Even though there will be groans at the very idea, I want to suggest a new form of reconciliation. I know we have been at it for 30-plus years now and if research and surveys are to be believed we are less reconciled than ever. It is hard work getting people who have nothing much in common and who are suspicious of each other to bridge and bond.

It all started in Corrymeela and places like that. Well meaning people scared at the intensity, the anger and hatred behind the growing conflict came together and agreed that it might help to talk about and understand the difference in expectation between Catholics and Protestants here. Talking and listening to each other's stories would help to build bridges of friendship and it is much harder to kill your new friend than your unknown enemy. It wasn't long before these good, but largely middle-class, people arrived at the conclusion that it was indeed great to talk. But perhaps the people who needed to be in the room were those doing or prepared to do the fighting and the killing.

So, the concept of reconciliation shifted in focus to the most troubled areas; to those who never met through work or play. Money poured in to aid us in our search for peace and reconciliation. The vast bulk of this money was deliberately targeted at the areas of greatest social need, areas of high unemployment and areas that also bore the brunt of the civil unrest. So it should be.

There have been a myriad of schemes focussing on either a broad or narrow definition of reconciliation. There have been single identity programmes for those people who it was felt didn't have the confidence (yet) to meet the other side and there have been sophisticated multifaceted reconciliation projects leaving participants in the level of experience and skill acquired unrivalled in conflict resolution field anywhere in the world.

My concern is not about assessing effectiveness or whether money was well spent. What is clear is that only people from poor areas are expected to deliver on reconciliation outcomes. If you are middle-class with a good job, nice house and reasonable expendable income, either it is assumed you have bonded already with the other side or else it is believed that you don't need to.

This ignoring of a large section of the population in the reconciliation agenda was a mistake. Reconciliation needs to be not just between Catholic and Protestant working-class people. I believe that we need to turn our attention now to reconciliation work, single identity if necessary, between middle and working-class people in Northern Ireland. We need to get far away from the simplistic notion that the Troubles were the fault of people from deprived areas and that they and only they must redeem themselves and bond in friendship together in order to bring about a peaceful future. Because one of the unintended consequences of all the peace money being predicated on disadvantage is that those parts of our communities who are considered to be better off are not required to be reconciled and therefore it is too easy for them to opt out of responsibility for solving current problems.

A society that tries to design a future where the most advantaged are excluded or exclude themselves is not a healthy society. We need to start work at once to reconcile those with education, skills, jobs, much success and positive futures with those without such self-esteeming characteristics.
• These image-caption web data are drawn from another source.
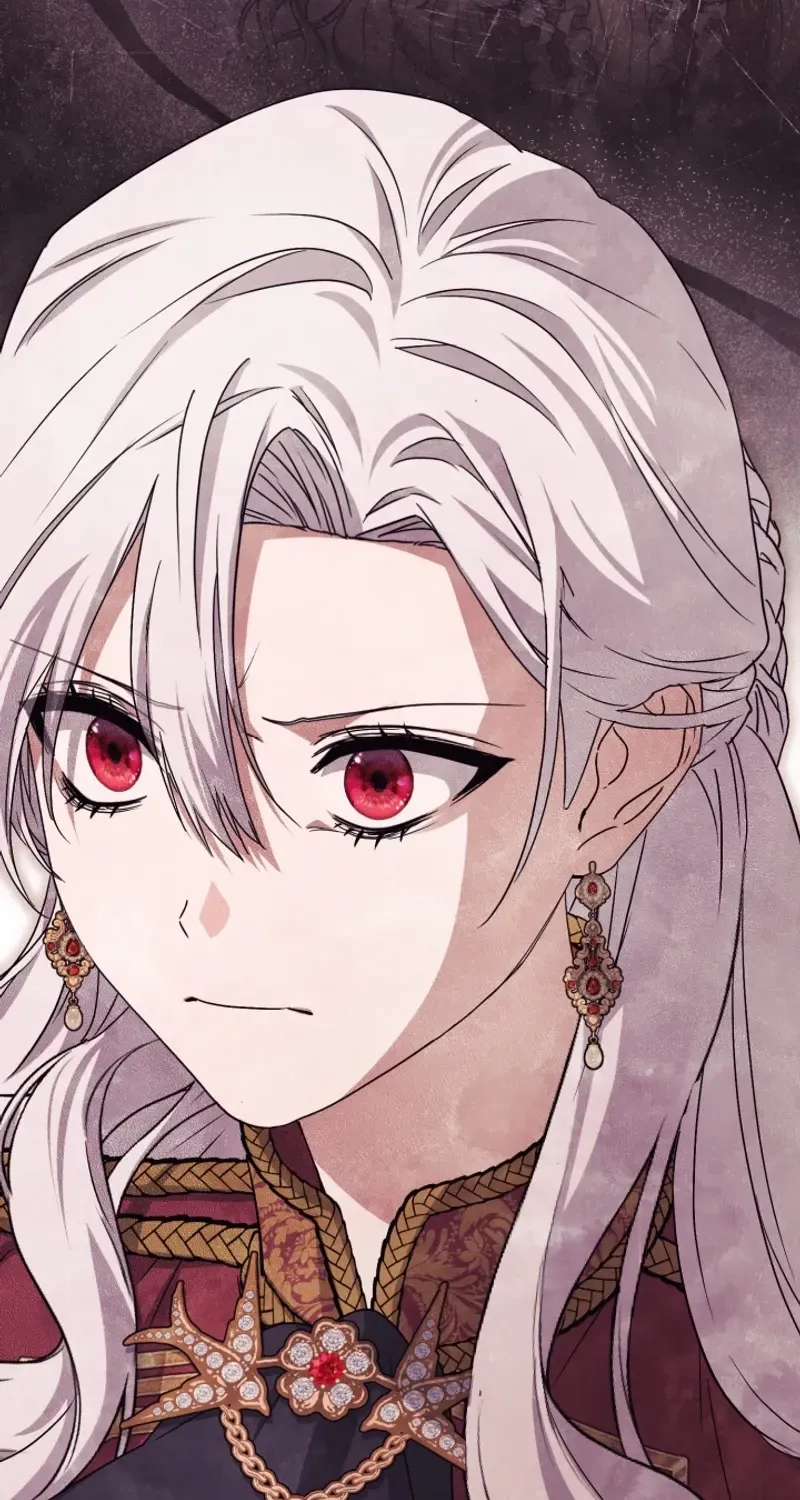 How To Survive As The Devil’s Child Chapter 85 page 75 - 
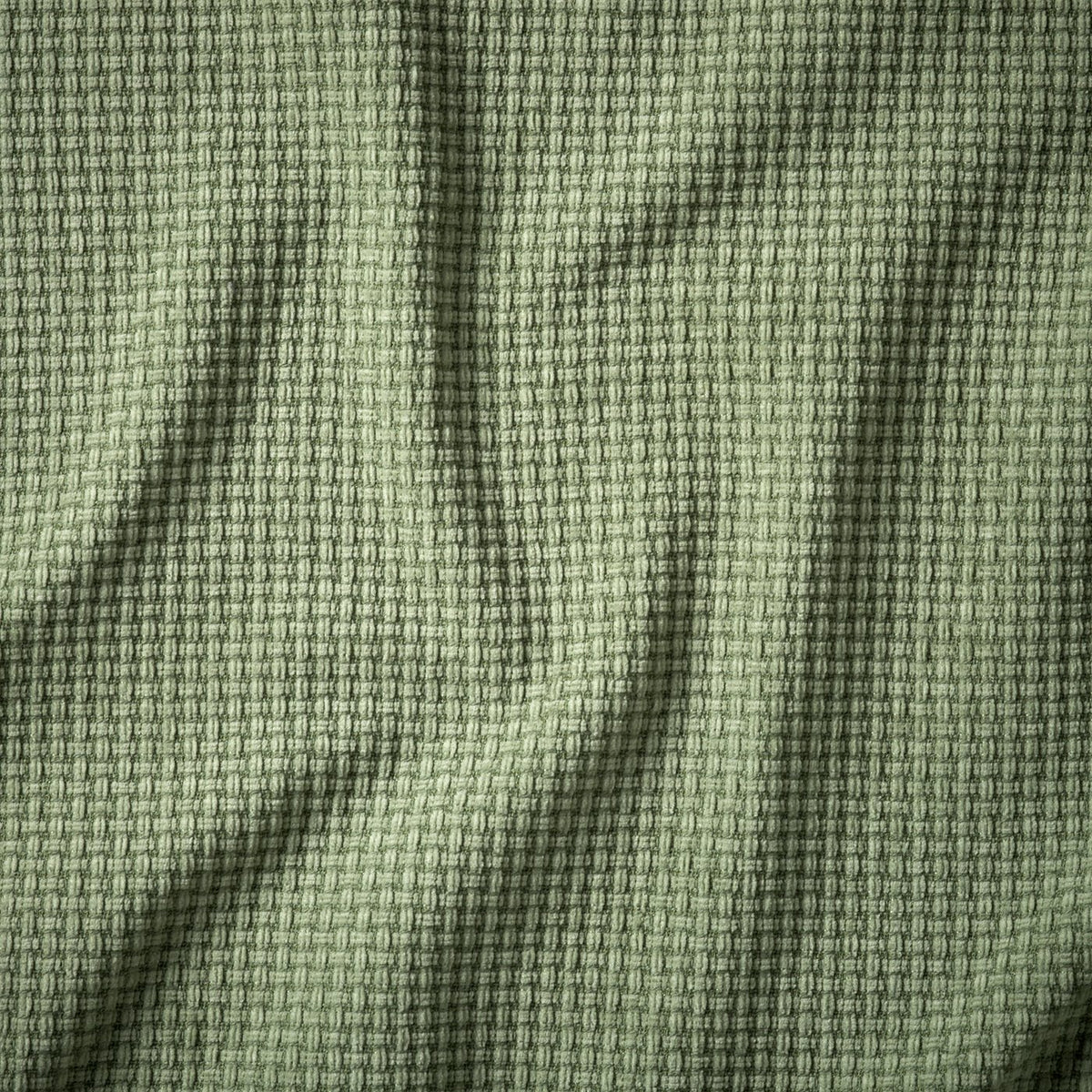 VIMLE cover for armrest, Mosshed grey-green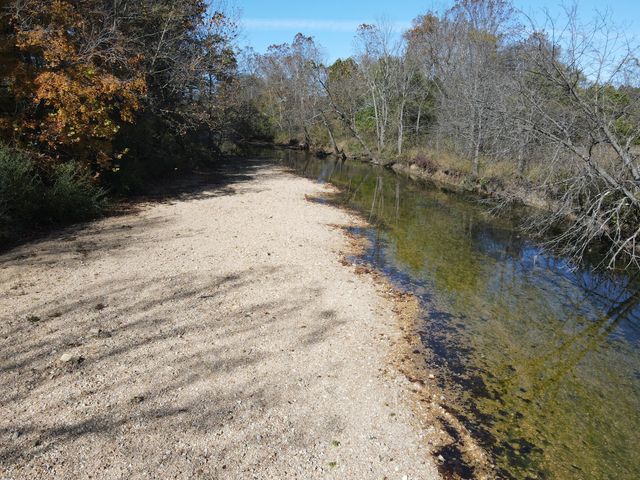 2709 Wagner Road, Willow Springs, MO 65793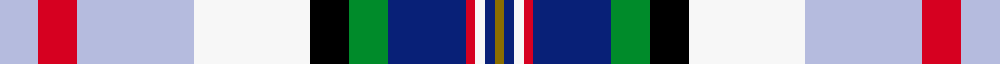 sett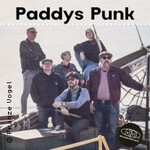 Paddys Punk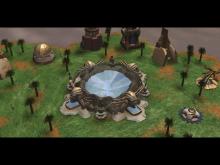 NetStorm: Islands at War screenshot #9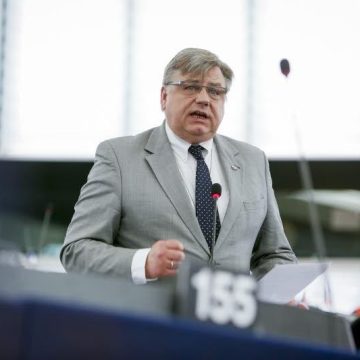 © European Union 2017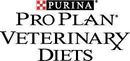 Purina Pro Plan Veterinary Diets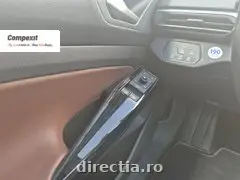 Poza anunț 13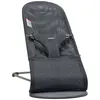 Babybjörn Balance Bliss Ana Kucağı Mesh Anthracite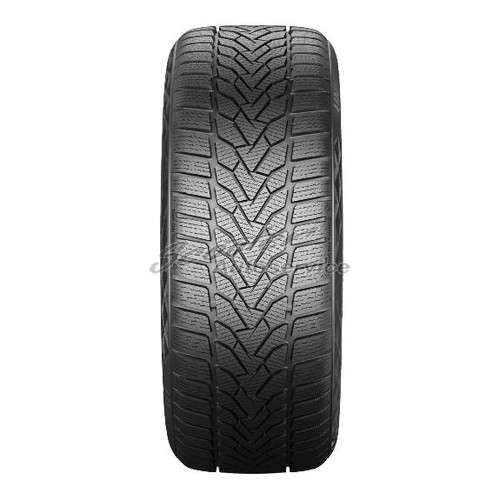 Winter reifen 175 r14 82t - 175/65,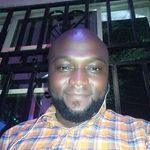 David Akerele - @david.akerele.121 - Instagram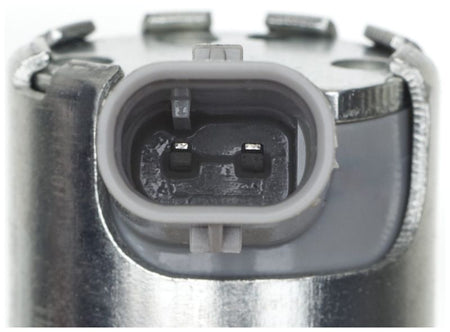 Gates VVS263 Regulating Valve, oil pressure - 3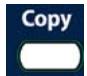 AVISION NETDELIVER @V2500 - To choose paper saver, - 5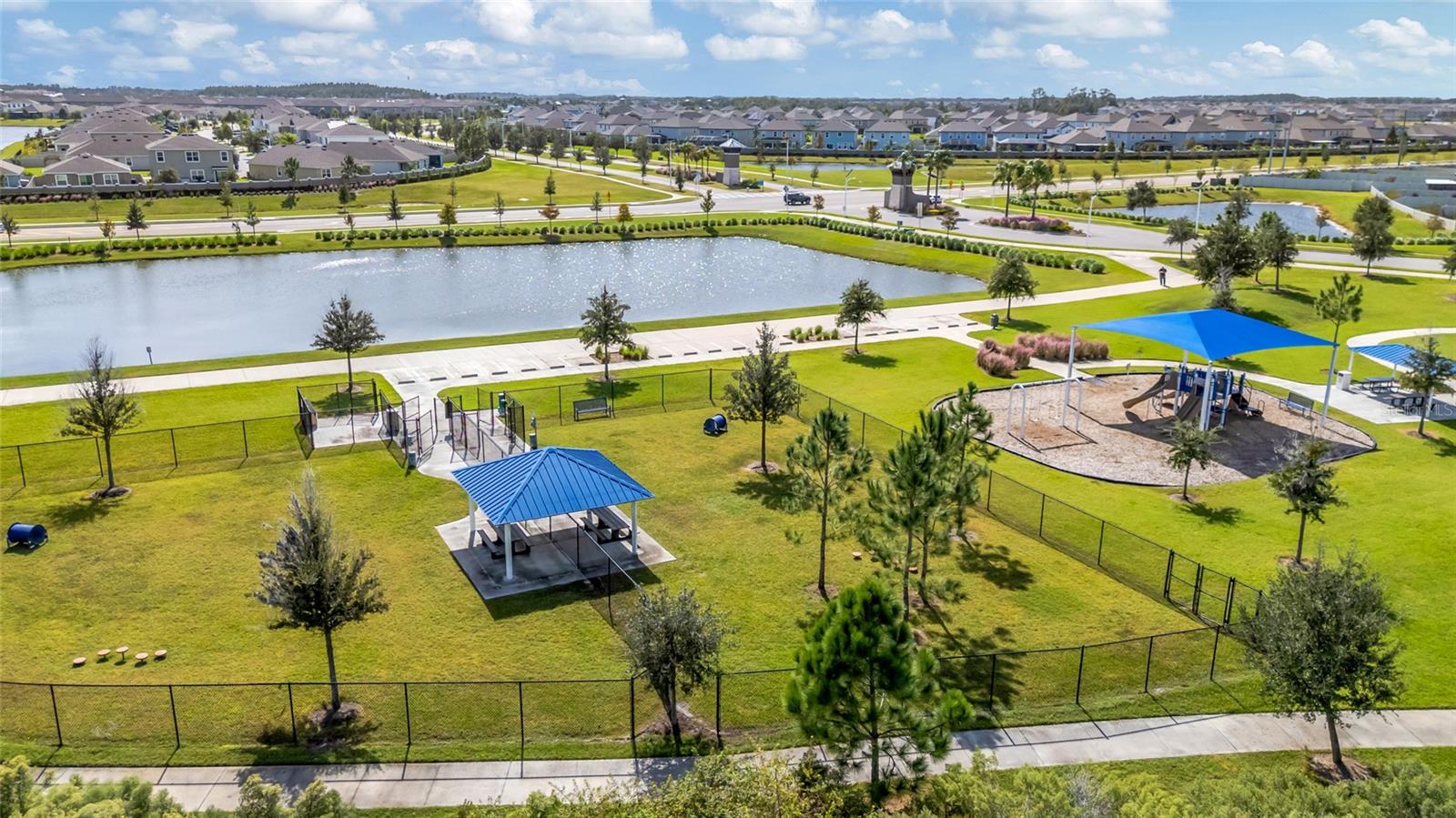 9617 BRANCHING SHIP TRACE, Wesley Chapel, FL 33545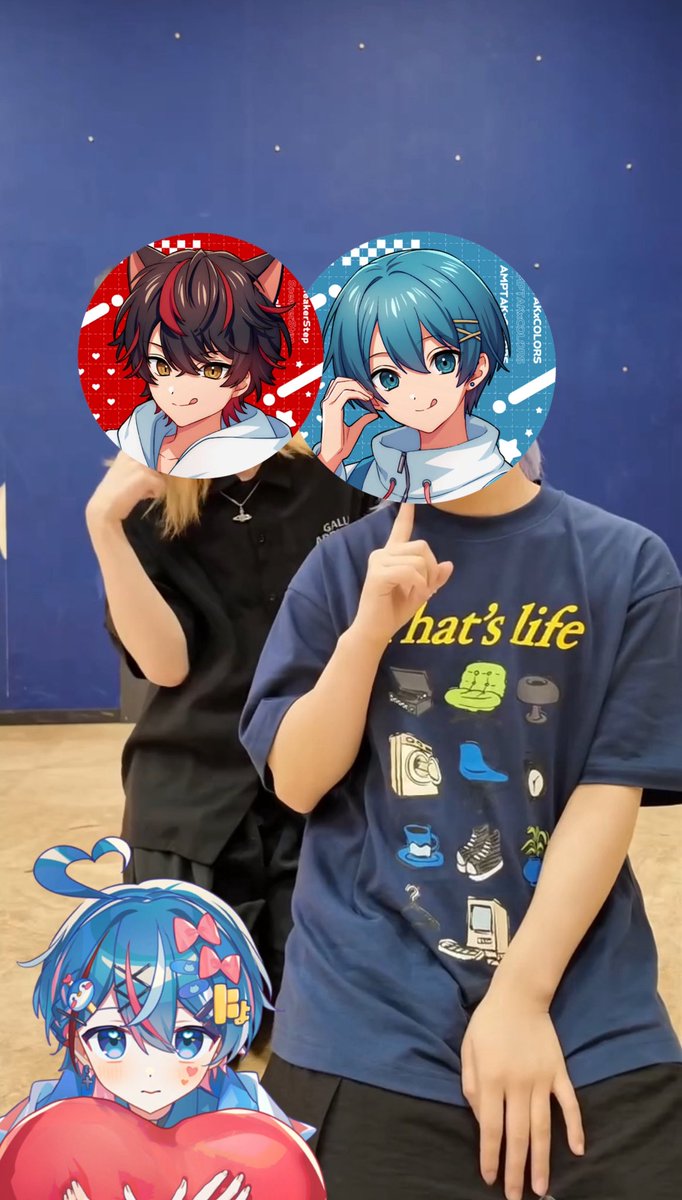 べーちゃん(｡-_-｡)🩵 (@silk_tigu_love) / Posts / X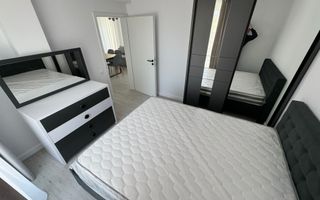 3 camere, prima inchiriere, parcare,Baciu zona Galaxiei,Calea Baciului - Poză 4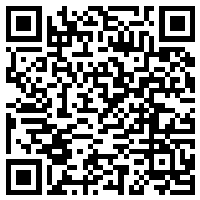 QR Code for bitcoin:bitcoin:bitcoin:bitcoin:litecoin:MDqs3V2fpyTodWwpXEewf1Vaee7M73w427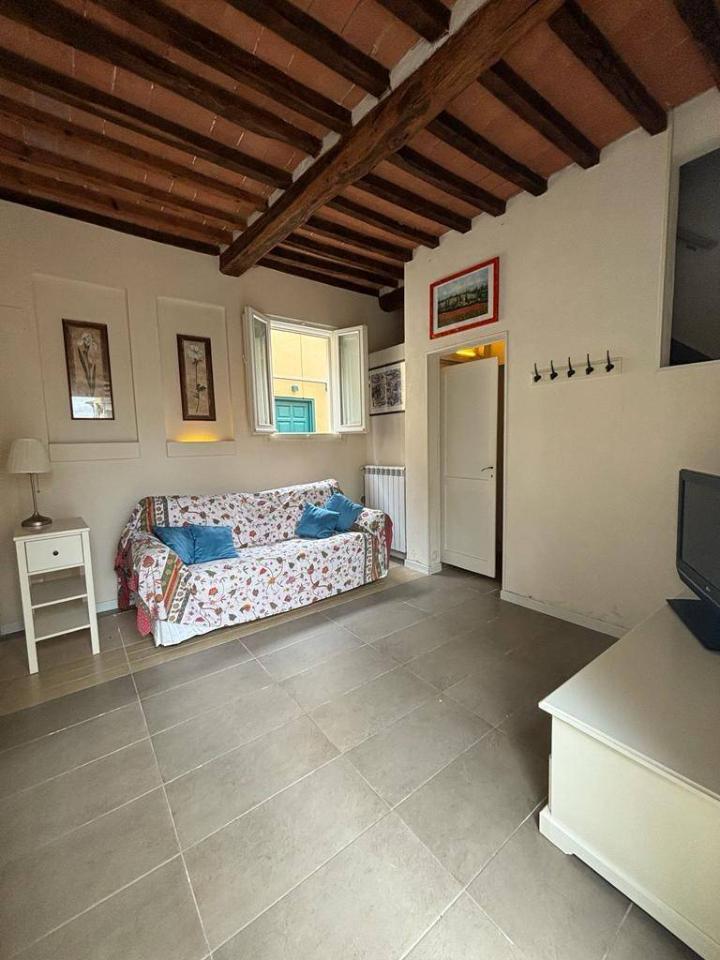casa indipendente in vendita a Pietrasanta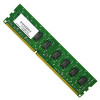 RAM - DDR3 8GB 1333MHz 2x4GB - OEM HU564403EP0200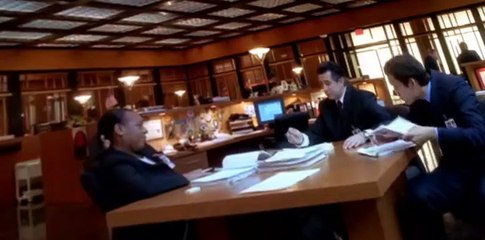 Without a Trace S01 E20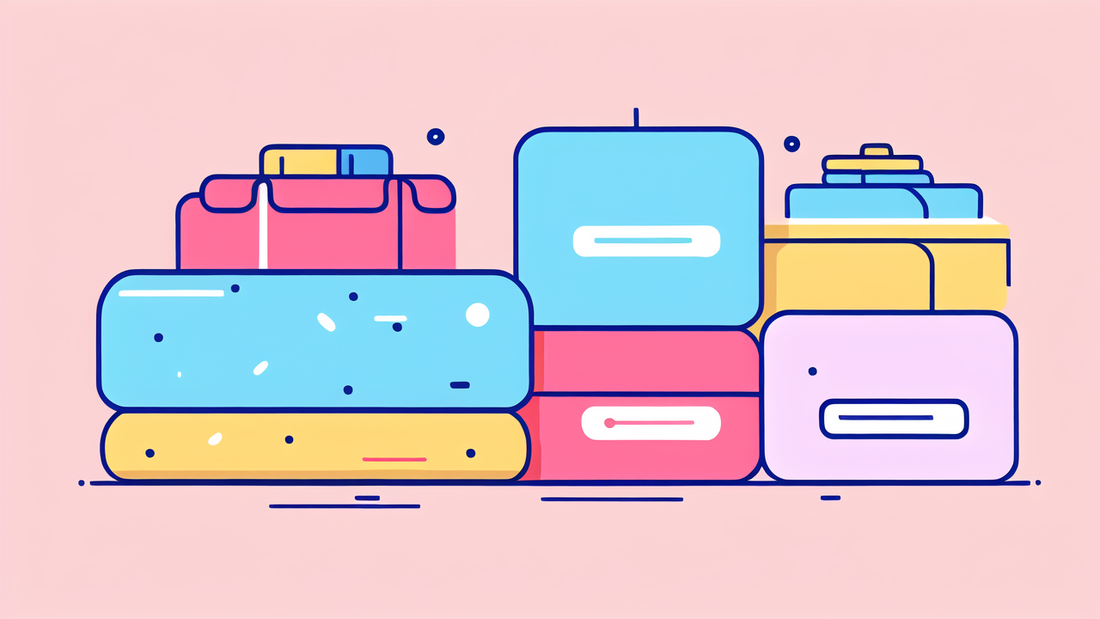 Baby Blankets Newborn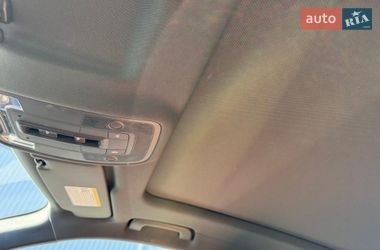 Внедорожник / Кроссовер Audi Q3 2020 в Киеве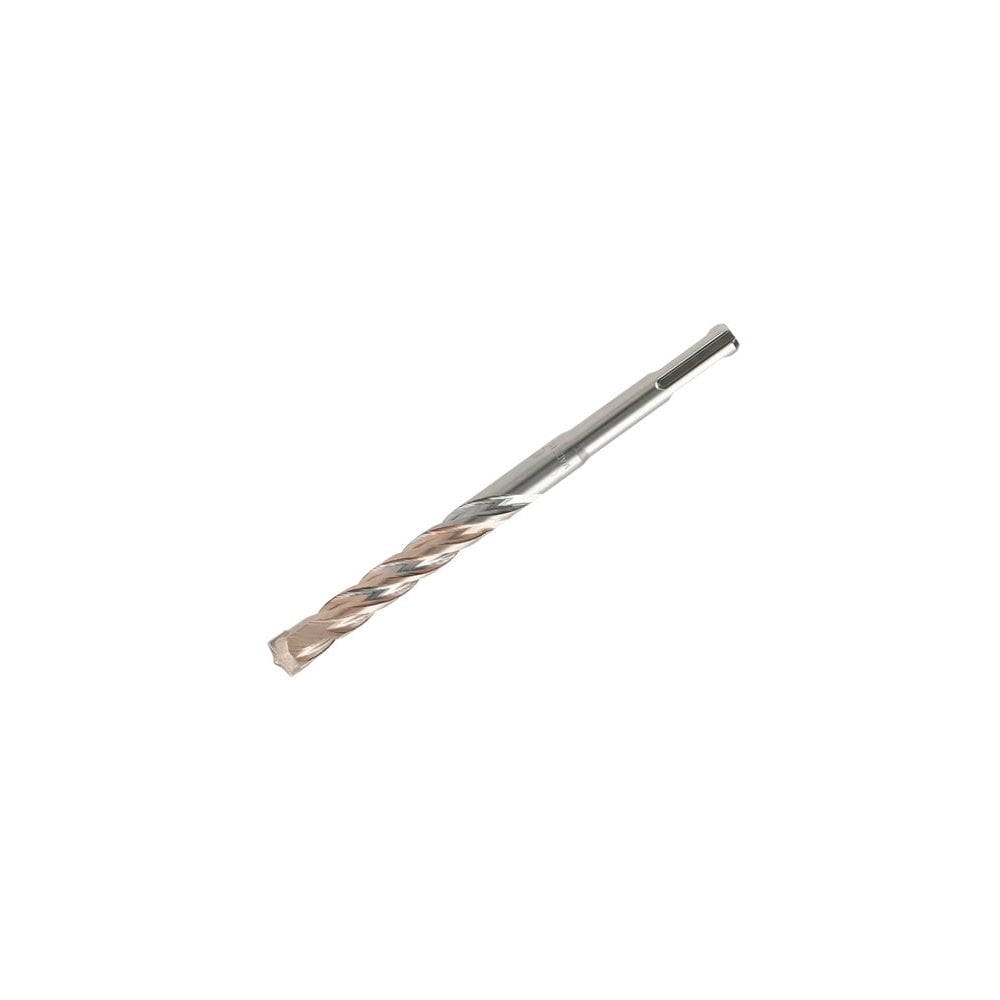 DEWALT SDS-Plus Extreme 2 Drill Bit 18.0 x 200mm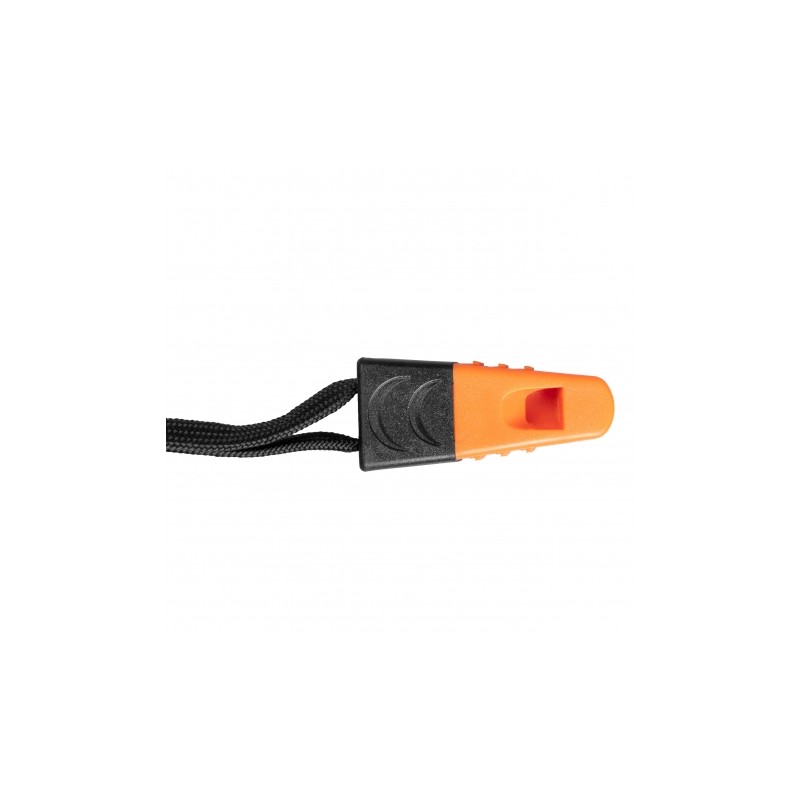   Nóż składany Ganzo G7453-OR-WS z gwizdkiem - 5 - Noże składane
Many working-class communities, struggling to rid themselves of the grip of sectarianism and racism feel particularly ignored and neglected by their better-off fellow believers.

The old adage that the middle-class went off to play golf in 1970 and haven't come back yet still rankles. Perhaps the Community Relations Council or a similar body could try a pilot project focussing on how people from these different social strata of society might enjoin in reconciliation and find ways to help their less well off neighbours.

One thing for sure is that the poorest, least resourced areas cannot deliver reconciliation all on their own.

All layers of society need to be involved.

January 25, 2006

This article appeared first in the January 24, 2006 edition of the Irish News.